Template Customization Guide¶
DataComPy allows you to customize the report output by providing your own Jinja2 templates. This guide explains how to create and use custom templates for comparison reports.
Template Basics¶
Custom templates are Jinja2 templates that receive comparison data and format it according to your needs. The template receives a context dictionary with various comparison metrics and data samples.
Available Template Variables¶
The following variables are available in the template context:
Variable
Description
column_summary
Dict with column statistics including:
common_columns
: List of columns common to both dataframes
df1_unique
: List of columns unique to df1
df2_unique
: List of columns unique to df2
df1_name
: Name of the first dataframe
df2_name
: Name of the second dataframe
row_summary
Dict with row statistics including:
match_columns
: List of columns used for matching
abs_tol
: Absolute tolerance between two values
rel_tol
: Relative tolerance between two values
common_rows
: Number of rows in common
df1_unique
: Number of rows unique to df1
df2_unique
: Number of rows unique to df2
unequal_rows
: Number of rows with differences
df1_name
: Name of the first dataframe
df2_name
: Name of the second dataframe
column_comparison
Dict with column comparison stats:
unequal_columns
: List of columns with mismatches
equal_columns
: List of columns that match exactly
unequal_values
: Count of unequal values across all columns
mismatch_stats
Dict containing:
stats
: List of dicts with per-column mismatch statistics: -column
: Column name -match
: Number of matching values -mismatch
: Number of mismatched values -null_diff
: Number of null value differences -total
: Total number of comparisons
samples
: Sample rows with mismatched values
has_samples
: Boolean indicating if there are any samples
has_mismatches
: Boolean indicating if there are any mismatches
df1_unique_rows
Dict with unique rows in df1:
has_rows
: Boolean indicating if there are unique rows
rows
: Sample of unique rows (as strings)
columns
: List of column names
df2_unique_rows
Dict with unique rows in df2:
has_rows
: Boolean indicating if there are unique rows
rows
: Sample of unique rows (as strings)
columns
: List of column names
df1_shape
,df2_shape
Tuples of (rows, columns) for each dataframe
df1_name
,df2_name
Names of the dataframes being compared
Creating a Custom Template¶
To create a custom template:
Create a new file with a
.j2
extensionUse Jinja2 syntax to format the output
Reference the available template variables as needed
Example Template¶
Here’s a simple example template that shows basic comparison metrics:
# Data Comparison Report
=====================
## DataFrames
- {{ df1_name }}: {{ df1_shape[0] }} rows × {{ df1_shape[1] }} columns
- {{ df2_name }}: {{ df2_shape[0] }} rows × {{ df2_shape[1] }} columns
## Column Summary
- Common columns: {{ column_summary.common_columns }}
- Columns only in {{ df1_name }}: {{ column_summary.df1_unique }}
- Columns only in {{ df2_name }}: {{ column_summary.df2_unique }}
## Row Summary
- Rows with some columns unequal: {{ row_summary.unequal_rows }}
- Rows with all columns equal: {{ row_summary.equal_rows }}
{% if mismatch_stats %}
## Mismatched Columns
{% for col in mismatch_stats %}
- {{ col.column }}: {{ col.unequal_cnt }} mismatches
- Match rate: {{ "%.2f"|format(col.match_rate * 100) }}%
{% endfor %}
{% endif %}
Using a Custom Template¶
To use your custom template, pass its path to the report()
method:
from datacompy import Compare
compare = Compare(df1, df2, join_columns=['id'])

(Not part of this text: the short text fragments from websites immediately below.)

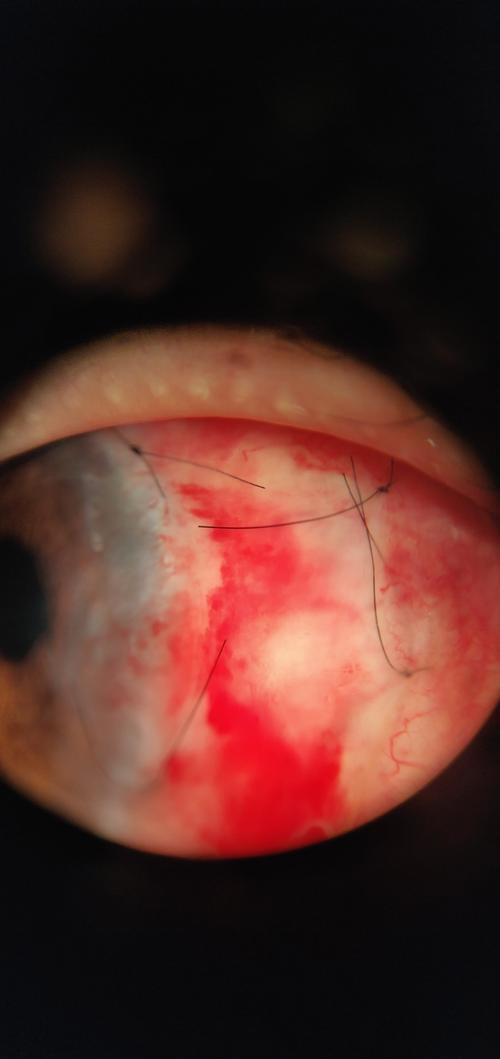 角膜缘干细胞移植术,复发率极低的翼状胬肉手术!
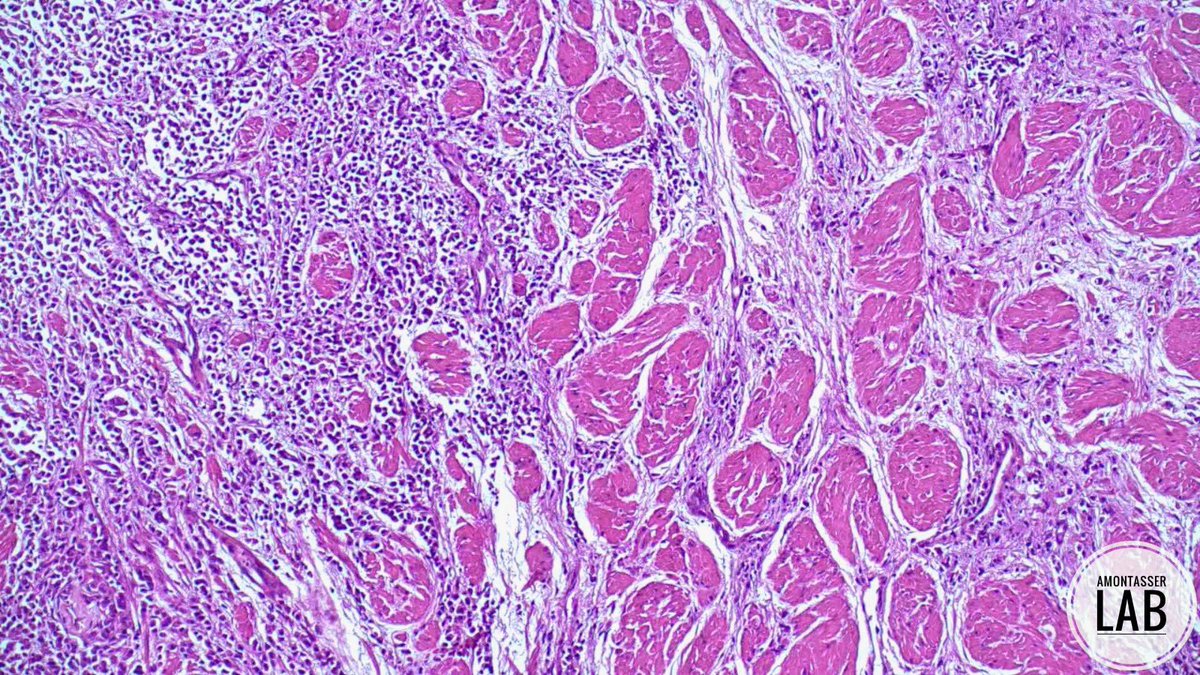 AMontasserMD's tweet image. Plasmacytoid urothelial carcinoma  🫒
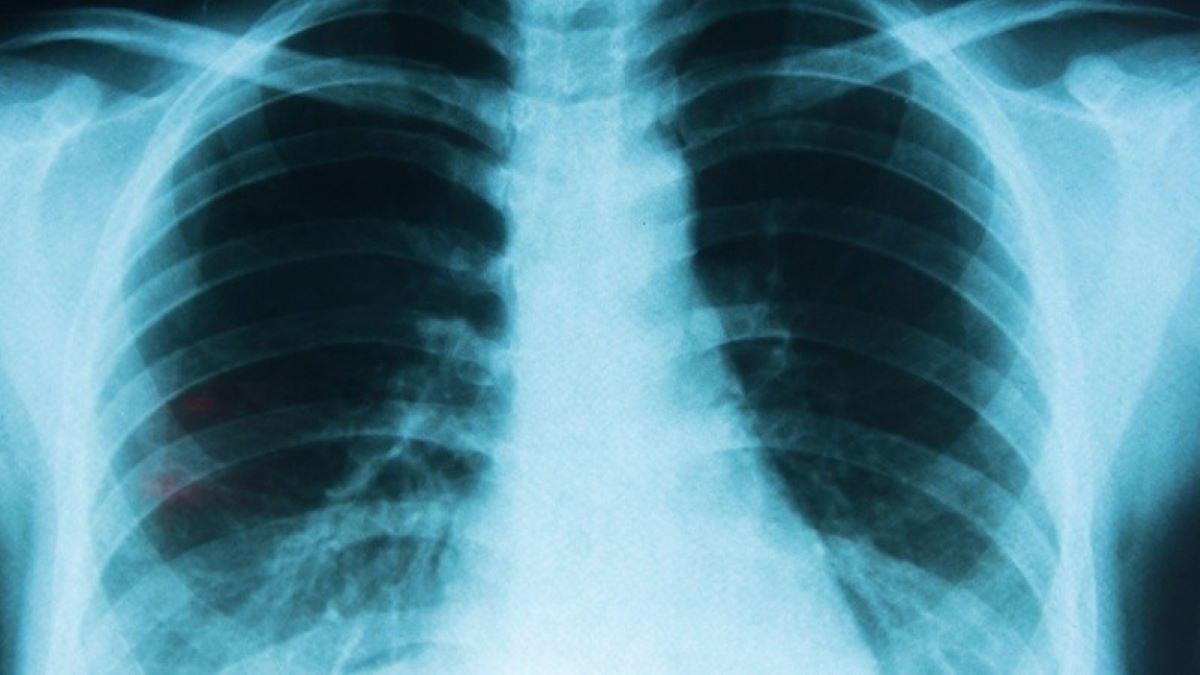 Aprobaron en Argentina un tratamiento contra el cáncer de pulmón. 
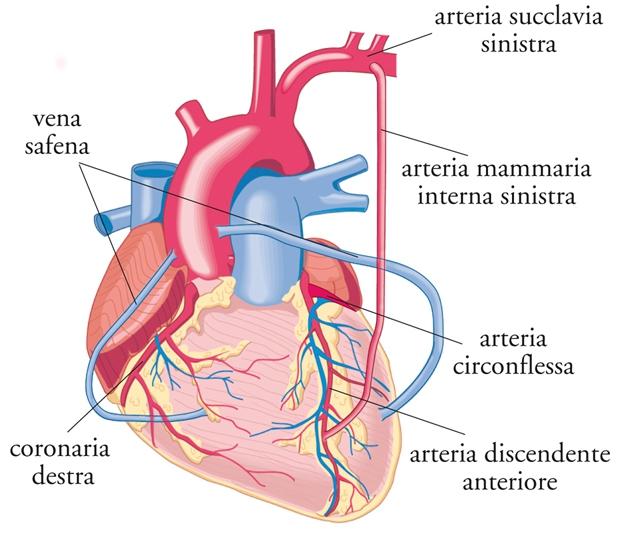 CABG = coronary artery bypass
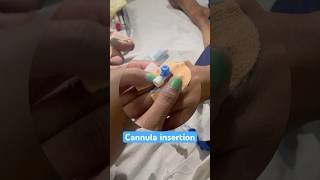 Cannula insertion of female patient nurses cannula doctor youtubeshorts shorts ytshorts neet [upl. by Sheeree]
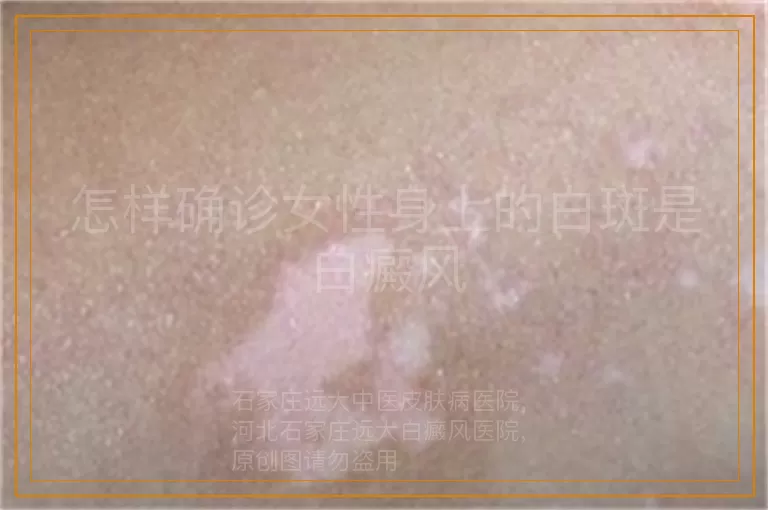 怎样确诊女性身上的白斑是白癜风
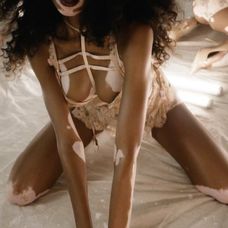 Winnie Harlow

# Generate report with custom template
report = compare.report(template_path='path/to/your/template.j2')
print(report)
Template Path Resolution¶
The template path can be:
An absolute path to a template file
A path relative to the current working directory
A filename in the default templates directory (
datacompy/templates/
)
Jinja2 Template Features¶
You can use all standard Jinja2 features in your templates, including:
Control structures (
{% if %}
,{% for %}
, etc.)Filters (
{{ value|upper }}
,{{ value|default('N/A') }}
, etc.)Macros for reusable components
Template inheritance
For more information on Jinja2 templating, see the Jinja2 documentation.
Default Template Reference¶
The default template used by DataComPy is available in the source code at datacompy/templates/report_template.j2
.
You can use this as a reference when creating your own templates.